フェリは帰還命令で桜の乗ってきた車で帰ったため、アントーニョの運転で後部座席にアーサーと2人乗りこんだ桜のつぶやきに、アントーニョは、
「なん?」
と聞き返す。
「アントーニョさんの瞳の色にしては少し薄いですよね?」
それまで険悪とも思えるような会話しか交わしていない桜との普通の会話に、アントーニョは少しホッとする。
「ああ、これ親の形見なんや。元々は兄弟で一つずつ持っとったんやけど、弟死んでしもうたから…。うちのおとんがうちのばあちゃんから受け継いで、うちの母親に贈った物らしくて…そう考えると俺がつけてんのも変な感じやけどな。弟が好きな奴おるから贈りたいって言った時にやったら良かったなぁって今更ながら思うわ。」
「…好きな…人?」
コクンと首をかしげる桜に、アントーニョは少し迷うが、結局話す。
「俺んとこの弟、極東支部配属のフリーダムやってん。でな、アーサーと仲良うしとったんや。もうメールとかで毎日アーサーの話聞いとったわ、当時。
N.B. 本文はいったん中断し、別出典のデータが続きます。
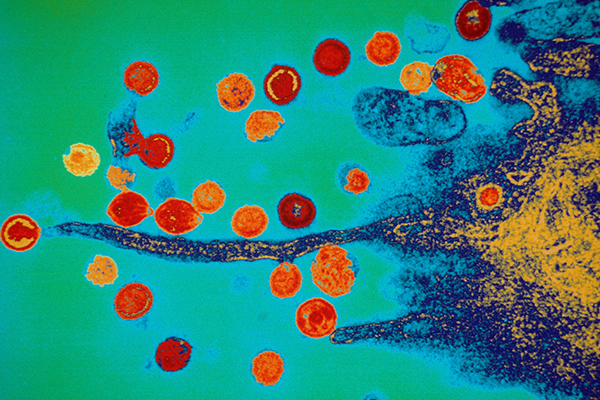 Color enhanced transmission electron micrograph TEM of an HIV virus budding out of an infected T-lymphocyte cell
で、瞳の色がこのピアスみたいに綺麗なペリドットの色やから贈りたい言うてたんやけど…一応親の形見やから郵送で事故言うのも嫌やし取りに来る言うてて、取りに来る前に死んでしもたから…。」
そこでアントーニョは少し言葉を失って…それからぽつりと続ける。
「兄弟やなぁってな、思うんや。俺も同じことしたいなぁって思うてんけど…あいつがやりたいって言っててできひんかった事を俺がそのまんまやるのって、卑怯な気がしてできひん…」
このヘタレがっ…と、舌打ちと共に吐き捨てるような小さなつぶやきが聞こえたのはきっと気のせいだ。
後ろには気を失っているアーサーと、大和撫子な少女、桜しかいないのだから。
こうして3人が帰還した時には本部はまだ激戦の真っ最中だった。
「アーサーさんをお願いしますねっ!」
と、怪我人が多そうなあたりに走り去っていく桜。
それを見送ってアントーニョは医務室まで急ぐ。
途中…アーサーを横抱きにして走るアントーニョの耳にパシャリパシャリと音がしたのは気のせいだと思っておこう。